***** Input records *****
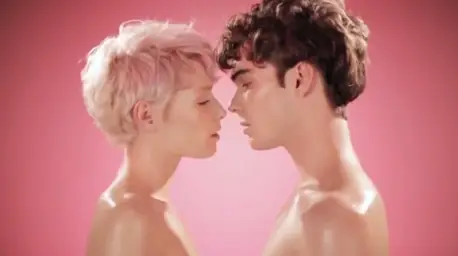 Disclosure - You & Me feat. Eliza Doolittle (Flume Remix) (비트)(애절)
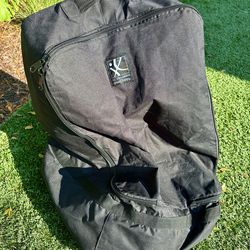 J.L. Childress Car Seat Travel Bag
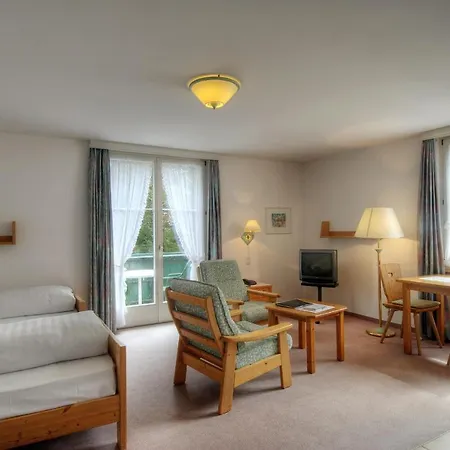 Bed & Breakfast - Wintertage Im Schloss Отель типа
*****
***** Input records *****
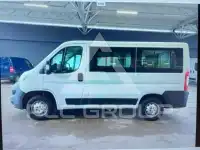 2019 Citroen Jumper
*****
Work item:
Print nothing except the lines above from the one containing "Disclosure - You" down to the one containing "Bed & Breakfast", both included, exactly as written and free of pictures.

Reply:
 Disclosure - You & Me feat. Eliza Doolittle (Flume Remix) (비트)(애절)
 J.L. Childress Car Seat Travel Bag
 Bed & Breakfast - Wintertage Im Schloss Отель типа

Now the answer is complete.